The report presents evidence that Mayor Lenny Curry’s administration, in concert with Zahn, engaged in an effort from 2017-19 to privatize JEA, the public electric and water utility, by selling it to a private entity through a competitive bid process.

The report, result of a yearlong investigation ordered by City Council, also alleges that some actions related to the possible sale and a JEA employee bonus plan promoted by Zahn that was squashed, were conducted outside requirements of the Florida Sunshine Law and that information that should have been public record was withheld.

“The Report’s obvious bias should not be a surprise to anyone has read the so called ‘interviews’ on which many of the report’s conclusions are purportedly based. A brief review shows that JEA coerced the testimony of its employees by threatening to fire them with cause or pay them a severance if they cooperated. Witnesses were most often solicited to testify as to what they assumed, speculated or heard in the media – instead of testify about facts,” Mullen said.

He also said responsibility for the process should be placed with others in addition to Zahn, including the utility’s board of directors, consultants that were retained for the bid process and the city Office of General Counsel.

“The truth around JEA’s strategic planning process is complex and definitively involved the Mayor, City Council, the entire Board, OGC and countless strategic advisors,” Mullen said.

Mullen is representing Zahn in litigation related to his termination by JEA’s board and his right to arbitration of about $1 million in compensation.

JEA contends that Zahn committed fraud, breached his fiduciary duty and the public trust as CEO and misrepresented the terms of his employment agreement to the board.

Curry appointed Zahn to the board in February 2018.

On April 6, 2018, JEA CEO Paul McElroy resigned, citing that the Curry administration’s desire to sell the utility was “certainly part of the decision to retire,” according to the investigatory committee’s report.

A week later, Zahn resigned from the board and announced his candidacy as JEA’s interim CEO. 

The board voted April 17, 2018, to appoint Zahn interim CEO. He was appointed permanent CEO at the board’s meeting on Nov. 27, 2018.

Zahn began, according to the report, promoting a “doom and gloom” forecast for JEA that could only be mitigated by privatization.

Zahn also advocated for a “Performance Unit Plan,” an employee incentive bonus program.

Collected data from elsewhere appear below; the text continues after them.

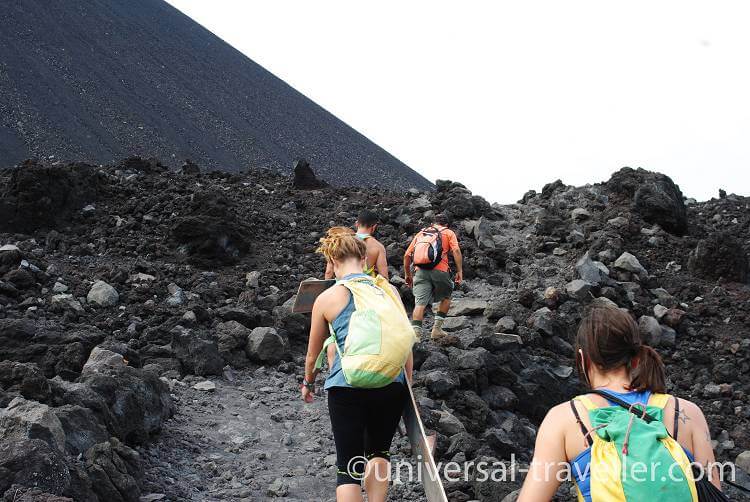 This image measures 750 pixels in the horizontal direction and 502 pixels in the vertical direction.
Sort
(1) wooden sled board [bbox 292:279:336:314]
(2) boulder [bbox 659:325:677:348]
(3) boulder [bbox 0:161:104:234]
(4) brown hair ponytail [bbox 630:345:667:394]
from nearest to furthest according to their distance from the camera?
(4) brown hair ponytail [bbox 630:345:667:394]
(1) wooden sled board [bbox 292:279:336:314]
(2) boulder [bbox 659:325:677:348]
(3) boulder [bbox 0:161:104:234]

In July 2019, the board approved issuing an Invitation to Negotiate the purchase of JEA and also to adopt the PUP.

The incentive program was scrapped at the Dec. 17, 2019, board meeting after the Council Auditor’s Office raised questions about its financial impact to the utility, followed by hearings on the matter conducted by City Council.

Then, on Dec. 24, the board convened an emergency meeting and voted to cancel the ITN.

Zahn was terminated “with cause” Jan. 28, 2020, by the unanimous vote of the board.

On May 8, Zahn filed with the American Arbitration Association a claim against JEA for wrongful termination and breach of contract.

JEA filed a lawsuit against Zahn June 5 in the 4th Judicial Circuit, along with a motion to preclude the arbitration in favor of proceeding in court.

On Oct. 15, the court ruled in favor of Zahn’s right to arbitrate his claims against JEA ­and that JEA’s claims against Zahn must also be arbitrated.

JEA filed Oct. 23 a Motion for Reconsideration that was denied Nov. 18.

On Dec. 1, JEA filed its Initial Appeal Brief seeking to overturn Circuit Judge Waddell Wallace’s order in the 1st District Court of Appeal.

Mullen filed Zahn’s answer to the appeal Dec. 30.

Zahn contends that he is entitled to binding arbitration to resolve any “dispute, controversy or claim arising out of, connected with and/or otherwise relating to” matters related to Zahn’s employment by JEA, including compensation for terminating his contract before it expired.